De él aprendimos, por ejemplo, que el oro es tenaz, dúctil y maleable. Por extensión, su explicación continuaba hasta las riquezas naturales del Chocó, muchas de las cuales -nos decía- las podíamos ver si observábamos bien el monte alrededor de la escuela, el camino hacia Cabí, las orillas y el cauce de los ríos y quebradas, y la plaza de mercado los sábados. Igualmente, cada vez que de la escuela nos llevaban a un paseo escolar hasta pueblos como Tutunendo, La Troje o Guayabal, el Profesor Roger nos acostumbró a que lo primero que había que hacer, antes de irnos a jugar y a bañarnos en el río, era buscar a un/a anciano/a de la comunidad, para que nos contara la historia del pueblo, y a otra persona adulta que nos hablara de las actividades económicas y de los productos que allí se daban. Al contenido de esas charlas regresábamos después del paseo, ya en la escuela, el lunes o martes siguiente. Así mismo, el Profesor Roger nos guio magistralmente por los vericuetos de las operaciones aritméticas más complejas, reglas de tres simples y compuestas, proporciones y cálculo mental, solución de problemas con elementos de la vida cotidiana, como las raciones de plátano, las onzas de queso, las ensartas de pescado, los racimos de chontaduro, las macetas de pepas de árbol del pan o las caminadas diarias de dos o tres kilómetros desde nuestras casas hasta la escuela.
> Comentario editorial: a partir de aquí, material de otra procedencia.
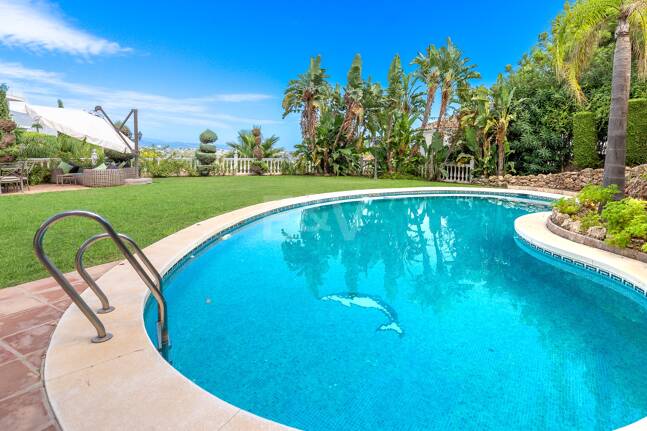 El Paraiso Alto: Elegant villa med golf och havsutsikt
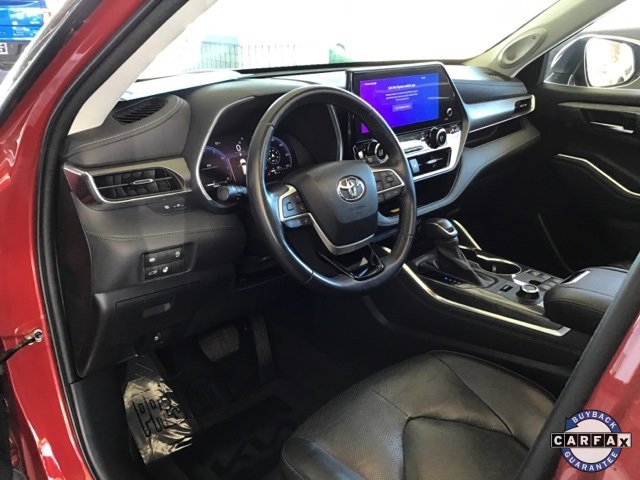 Used 2023 Toyota Highlander Limited image 33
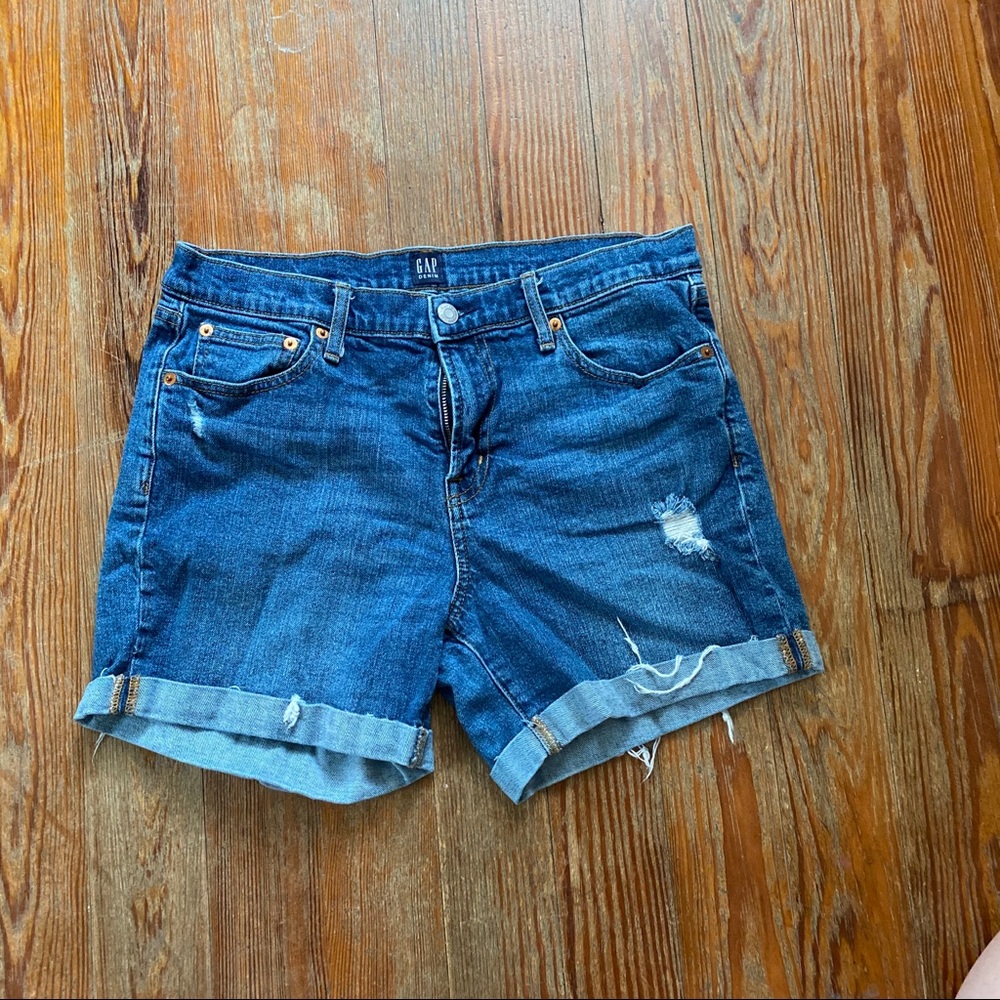 Gap Shorts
Así mismo, El Profesor Roger nos llevó de viaje por los ríos, las montañas y las regiones de Colombia a través de los mapas planos y en alto relieve, los cuales dibujábamos y coloreábamos en el cuaderno, y esculpíamos en barro o arcilla sobre una tabla o un pedazo de cartón, en la clase de Trabajos Manuales. También resumió para nosotros las épocas históricas de la Colonia española, de la Independencia y de la República, y nos enseñó a escribir con buena letra, con buena ortografía y con estilógrafo de tinta azul. Ser responsables con el estudio y obedientes con los mayores, no avergonzarnos de la pobreza evidente en la escasez, el desgaste o los remiendos de la ropa, valorar absolutamente las ocupaciones y el trabajo de nuestras madres y nuestros padres, por humildes que estos fueran y como signos inequívocos de su sacrificio por nosotros, eran los temas recurrentes de sus consejos proverbiales.
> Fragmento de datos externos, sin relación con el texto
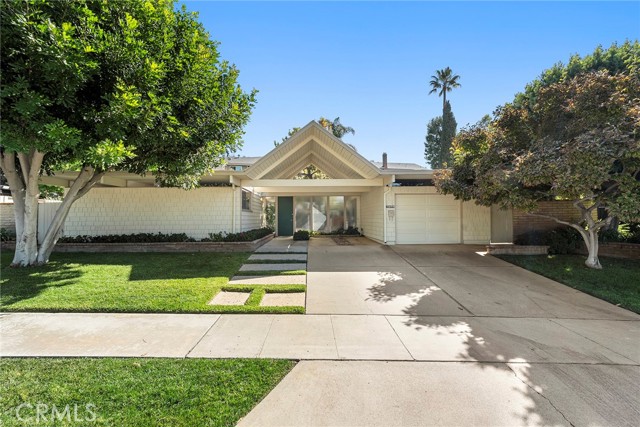 Detail Gallery Image 2 of 56 For 1074 N Granada, Orange,  CA 92869 - 5 Beds | 2 Baths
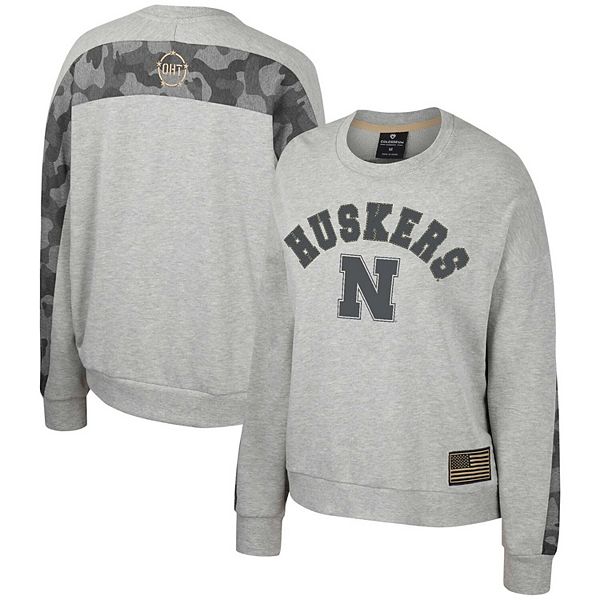 Женский свитшот dolman heather gray nebraska huskers oht military appreciation flag rank Colosseum
Женский свитшот dolman heather gray nebraska huskers oht military appreciation flag rank Colosseum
Con la Seño Olaya en primero, la Seño Bibiana en segundo y tercero, y el Profesor Roger en cuarto y quinto, así transcurrió nuestra educación primaria en la Escuela Anexa a la Normal Superior de Quibdó, dirigida entonces por otro Maestro insigne, siempre serio e impecable, riguroso y afable: Don Arnulfo Herrera Lenis, para quien parte de su trabajo como Director era conocer y ayudar a solventar las dificultades de todos y cada uno de los alumnos de la escuela. De sus manos recibimos el diploma de 5º grado, que a la mayoría nos dio paso a continuar nuestros estudios en la Escuela Normal Superior de Quibdó, en donde también tuvimos maestros inolvidables, como Plinio Palacios Muriel, Enriqueta Chalá de Perea Aluma, Luz Amparo Mosquera, José Renán Chamorro, Tirso Quesada Martínez, Francisco Caicedo Matute, el Padre Rodrigo Maya Yepes, Camilo Caicedo, Edgar Moreno, Jesús Cuesta Porras (Envenenao), Guillermo Murillo, Luis Carlos Mayo y Córdoba, y Gonzalo Moreno Lemos, nuestro magnífico Director de Grupo durante cuatro de los seis años en la Normal, hasta que nos graduamos como los primeros Maestros-Bachilleres. A ellos y al también inolvidable y gran Rector que tuvimos: Don Jorge Valencia Díaz, dedicaremos la próxima entrega de esta recordación de la Normal de Quibdó que en aquellos tiempos nos tocó, a propósito del 85º aniversario de su existencia.